Search code examples
arraysassemblyx86reverse-engineeringgnu-assembler

Reverse engineering and interpreting assembly code


I am having difficulty with reverse engineering this assembly code to deduce the values of the array's dimensions.

I am given

struct vec3 {
  long z;
  int x;
  unsigned short y;

};

struct vec3 array1[2][A];
struct vec3 array2[8][B];
int arrayfunc(int i1, int j1, int i2, int j2){
   return array1[i1][j1].x  + array1[i1][j1].y - array2[i2][j2].y;
}

This is the C code provided and the types of the member data x,y,z were unknown but this is what I deduced them to be.

arrayfunc:
    leaq    array1(%rip), %rax
    movslq  %ecx, %rcx
    movslq  %edx, %r10
    movslq  %r9d, %r9
    leaq    (%rcx,%rcx,2), %rdx
    movslq  %r8d, %r8
    movq    %rax, %rcx
    addq    %r10, %rdx
    salq    $4, %rdx
    movzwl  12(%rax,%rdx), %eax
    addl    8(%rcx,%rdx), %eax
    leaq    (%r9,%r8,2), %rdx
    leaq    array2(%rip), %rcx
    salq    $4, %rdx
    movzwl  12(%rcx,%rdx), %edx
    subl    %edx, %eax
    ret    

The issue here is that I am not sure how I can find the values of A and B from the assembly code.

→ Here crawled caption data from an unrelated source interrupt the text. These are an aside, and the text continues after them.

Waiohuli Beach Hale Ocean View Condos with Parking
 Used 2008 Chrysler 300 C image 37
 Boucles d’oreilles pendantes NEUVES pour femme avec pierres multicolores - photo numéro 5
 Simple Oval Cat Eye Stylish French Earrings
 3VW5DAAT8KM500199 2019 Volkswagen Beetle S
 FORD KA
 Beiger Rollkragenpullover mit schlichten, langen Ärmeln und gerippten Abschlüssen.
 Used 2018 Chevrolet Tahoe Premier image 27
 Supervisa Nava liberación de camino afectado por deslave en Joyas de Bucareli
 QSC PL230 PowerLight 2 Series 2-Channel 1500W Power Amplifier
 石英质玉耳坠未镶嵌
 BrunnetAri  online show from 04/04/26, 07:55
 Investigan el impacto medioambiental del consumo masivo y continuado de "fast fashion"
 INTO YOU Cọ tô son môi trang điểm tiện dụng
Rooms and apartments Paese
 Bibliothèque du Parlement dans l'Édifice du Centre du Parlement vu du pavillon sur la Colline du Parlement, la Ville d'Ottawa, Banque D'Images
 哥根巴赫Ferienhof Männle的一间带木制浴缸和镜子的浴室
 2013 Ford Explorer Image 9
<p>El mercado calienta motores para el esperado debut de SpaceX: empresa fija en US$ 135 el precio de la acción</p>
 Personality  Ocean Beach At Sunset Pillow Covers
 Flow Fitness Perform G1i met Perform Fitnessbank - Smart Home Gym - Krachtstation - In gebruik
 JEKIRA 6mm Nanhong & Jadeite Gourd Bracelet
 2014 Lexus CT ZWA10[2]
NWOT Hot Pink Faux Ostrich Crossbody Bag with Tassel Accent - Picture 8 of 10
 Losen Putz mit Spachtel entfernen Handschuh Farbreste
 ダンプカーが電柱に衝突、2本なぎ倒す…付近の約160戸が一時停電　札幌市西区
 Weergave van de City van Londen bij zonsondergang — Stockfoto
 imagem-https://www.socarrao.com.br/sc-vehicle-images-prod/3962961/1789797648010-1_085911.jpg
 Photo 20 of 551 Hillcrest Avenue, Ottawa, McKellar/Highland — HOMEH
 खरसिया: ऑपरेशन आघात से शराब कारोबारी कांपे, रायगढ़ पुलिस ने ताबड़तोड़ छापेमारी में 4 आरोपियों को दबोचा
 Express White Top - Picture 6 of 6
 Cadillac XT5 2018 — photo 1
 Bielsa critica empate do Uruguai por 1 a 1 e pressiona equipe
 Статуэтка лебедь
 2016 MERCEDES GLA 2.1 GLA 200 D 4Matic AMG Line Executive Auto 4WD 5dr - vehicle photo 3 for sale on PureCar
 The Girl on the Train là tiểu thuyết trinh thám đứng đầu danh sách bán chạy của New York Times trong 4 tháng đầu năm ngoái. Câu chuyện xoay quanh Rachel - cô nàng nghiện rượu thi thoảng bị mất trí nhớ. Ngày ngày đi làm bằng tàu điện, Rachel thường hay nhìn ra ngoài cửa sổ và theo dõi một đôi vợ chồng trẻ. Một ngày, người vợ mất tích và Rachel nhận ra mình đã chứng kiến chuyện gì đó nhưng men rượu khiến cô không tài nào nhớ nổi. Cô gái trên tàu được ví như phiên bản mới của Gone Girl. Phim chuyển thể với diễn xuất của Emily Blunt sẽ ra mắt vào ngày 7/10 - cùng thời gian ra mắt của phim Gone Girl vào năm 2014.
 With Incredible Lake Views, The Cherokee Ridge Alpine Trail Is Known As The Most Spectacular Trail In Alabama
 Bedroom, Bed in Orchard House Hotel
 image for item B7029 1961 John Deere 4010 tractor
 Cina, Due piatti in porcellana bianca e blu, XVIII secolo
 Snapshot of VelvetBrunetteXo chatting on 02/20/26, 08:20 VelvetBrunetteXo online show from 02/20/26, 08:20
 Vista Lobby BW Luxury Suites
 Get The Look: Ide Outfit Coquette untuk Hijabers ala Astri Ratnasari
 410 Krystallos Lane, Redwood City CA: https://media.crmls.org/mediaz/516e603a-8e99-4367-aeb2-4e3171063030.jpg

Any and all help is always appreciated :)

Thanks :))


Solution

  • Indexing a 2D array has to scale the first index by sizeof(struct vec3[A]): array1 is an array of arrays, and each smaller array has A elements. So you look at the asm and see what it's multiplying by.

    Given, struct vec3 array1[2][A];,
    array1[i1][j1].x is the same address math as for a flat 1D array: array1[ (i1*A) + j1 ].x. And in C, we index by element not bytes, so the asm also has to scale by sizeof(struct vec3). That's clearly what the sal $4, %reg instructions are doing, because after padding for alignment the struct size is 16 bytes.

    Notice that the leading dimension [2] doesn't come into the calculation at all; that just tells you how much total space you have. It's the later dimensions that set the geometry; the stride between the the same column in different rows.


    If you don't already see how that C would compile for different A and B values, try it with some sample ones and see what changes when you increase A or B by 1. https://godbolt.org/ is ideal for playing around with stuff like that.

    e.g. https://godbolt.org/z/zrecTcqMs uses prime numbers 3 and 7 for A and B, so even without changing the numbers, you can see which are multiples of which.

    Except GCC is too clever for it to be that simple: it's multiplying using one or two LEA, e.g. RCX + RCX*2 = RCX*3, not using imul $3, %rcx, %rdx for example. If you use large non-simple numbers like 12345 for A and B, you'll see actual imul. https://godbolt.org/z/4G3qc5d5E.


    I used gcc -fpie to make it use position-independent code: a RIP-relative LEA to get array addresses into registers, instead of addressing modes like array1(%rcx, %rdx, 2) which require the array address (in the .data or .bss section) to fit in a 32-bit sign-extended disp32 in the machine code.

    I also used __attribute__((ms_abi)) to use the Windows x64 calling convention like your code does, since GCC on the Godbolt compiler explorer is targeting Linux. (MSVC is the only compiler on Godbolt that targets Windows by default, but it won't output in AT&T syntax.)